TASK TO CARRY OUT
Word for word, restate the entries below, but exclude the images.

- Opening Delimiter -

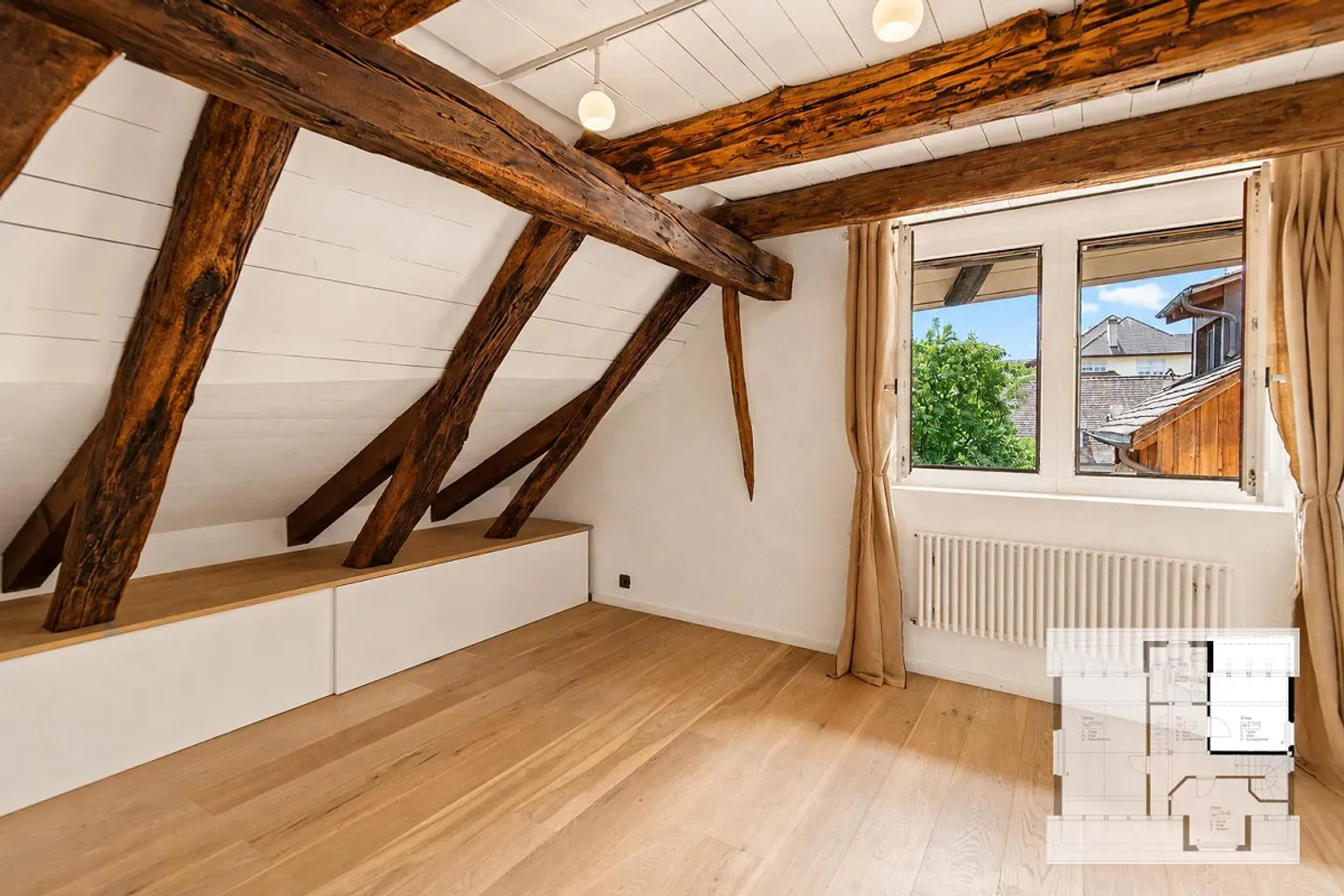 WORKING, LIVING, FEELING GOOD, Historic Townhouse with Character in Stein am Rhein - Photo 6 of 13
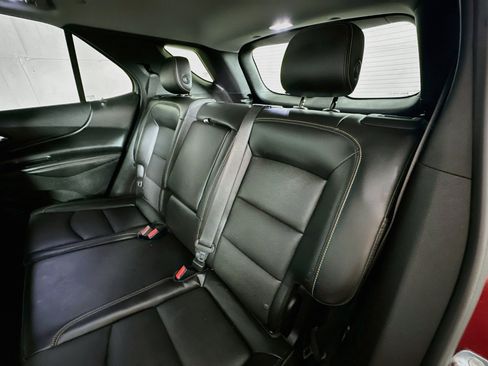 Used 2018 Chevrolet Equinox Premier FWD image 22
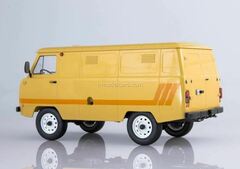 UAZ-3741 van 1:18 Start Scale Models (SSM)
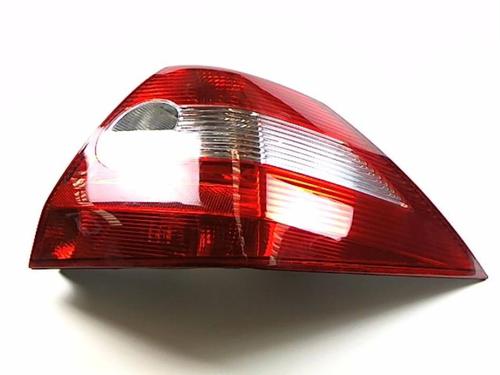 Right taillight RENAULT MEGANE II Saloon (LM0/1_) 1.5 dCi (LM0F, LM0T, LM2B) | BP20461317C35 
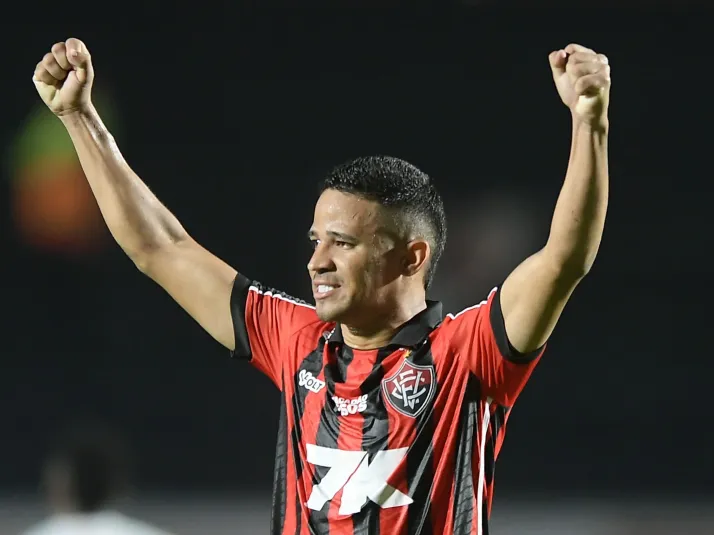 Vitória aumenta proposta e Erick devi ficar no Rubro-Negro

- Closing Delimiter -

SOLUTION FOR THIS EXERCISE
 WORKING, LIVING, FEELING GOOD, Historic Townhouse with Character in Stein am Rhein - Photo 6 of 13
 Used 2018 Chevrolet Equinox Premier FWD image 22
 UAZ-3741 van 1:18 Start Scale Models (SSM)
 Right taillight RENAULT MEGANE II Saloon (LM0/1_) 1.5 dCi (LM0F, LM0T, LM2B) | BP20461317C35 
 Vitória aumenta proposta e Erick devi ficar no Rubro-Negro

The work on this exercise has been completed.